Die mittelpaläolithischen Horizonte sind gekennzeichnet durch einen sehr hohen Höhlenbärenanteil, und es sind die einzigen Schichten, in denen der Steinbock bzw. die kleinen Wiederkäuer einen nennenswerten Anteil erreichen. Eine Zunahme des Steinbocks ist in vielen mittelpaläolithischen Fundplätzen zu beobachten (Gamble 1995). Gamble schließt, meiner Meinung nach zu Recht (s. u.), eine Jagdspezialisierung der Neandertaler aus. Mit Aussagen zur Häufigkeit der Tierarten oder zu ihrer Nutzung durch den Menschen muss man im Geißenklösterle aus zwei Gründen vorsichtig sein, erstens ist die Grabungsfläche sehr klein und sie hat offensichtlich nicht das Zentrum der Begehung getroffen, und zweitens ist der Erhaltungszustand der Knochen sehr schlecht. Es gibt einige wenige sehr gut erhaltene Knochen wie der Metacarpus und die erste Phalange (IND: B) vom Steinbock mit gut erhaltenen Schnittspuren, aber das Gros der Faunenreste ist verätzt, verwittert und verrundet und bietet deshalb auch keine Gelegenheit, Schnittspuren zu erkennen. Dass das Achtal auch im Mittelpaläolithikum wiederholt besucht wurde, wissen wir aus den zahlreichen mittelpaläolithischen Schichten der Großen Grotte und des Sirgensteins, nur im Geißenklösterle ist dieser Zeitraum nicht mehr gut erhalten.

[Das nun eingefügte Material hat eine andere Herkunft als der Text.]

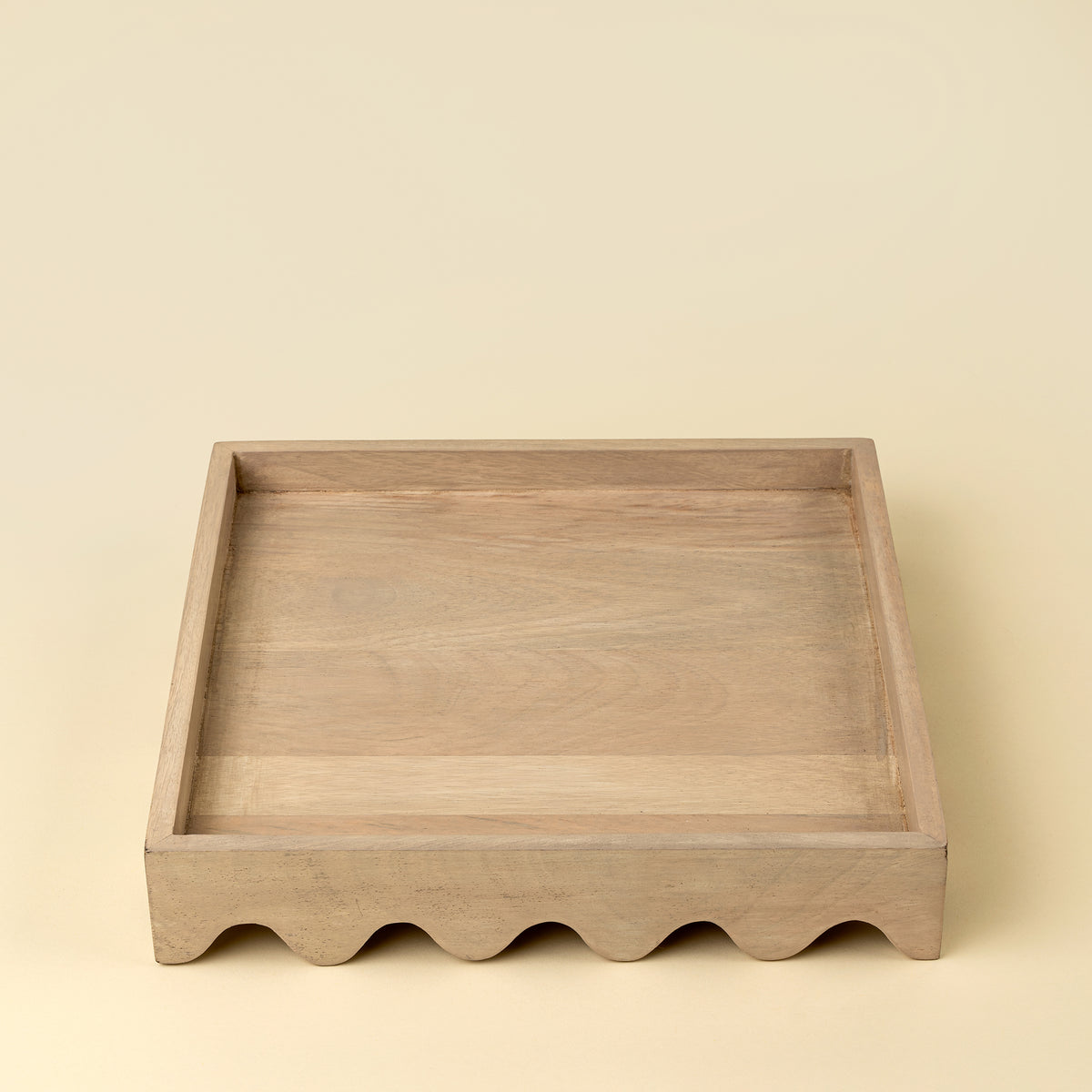 SQUARE SCALLOPED EDGE TRAY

Auffallend ist außerdem, dass der Anteil der typischen Jagdtierarten Mammut, Pferd und Ren in den mittelpaläolithischen Schichten relativ niedrig ist, obwohl diese Arten im Achtal präsent waren. Ich möchte aufgrund der Auswertung der jungpaläolithischen Schichten behaupten, dass ihr Anteil deshalb so gering ist, weil die Skelettteile, die für die jungpaläolithische Knochenindustrie genutzt wurden, von Neandertalern nicht verwendet wurden und deshalb der Eintrag der typischen Rohmaterialskelettteile fehlt und der anthropogene Input in die Höhle auch geringer ausfällt. Deshalb ist meiner Meinung nach der Anteil von Steinböcken und kleinen Wiederkäuern (und auch der der Höhlenbären) in den mittelpaläolithischen Schichten höher. Neandertaler müssen einen höheren Anteil an pflanzlichen Rohstoffen genutzt haben, wie etwa Holz für die Jagdwaffen. Eine Ausnahme bildet hier die Geschossspitze aus Geweih aus der Großen Grotte (Wagner 1983; Münzel/Conard 2004a), die aber aus der jüngsten mittelpaläolithischen Schicht II mit Blattspitzen stammt. Ich denke, wir können aus taphonomischen Gründen keine Aussagen zur Intensität der Neandertaleraktivitäten treffen.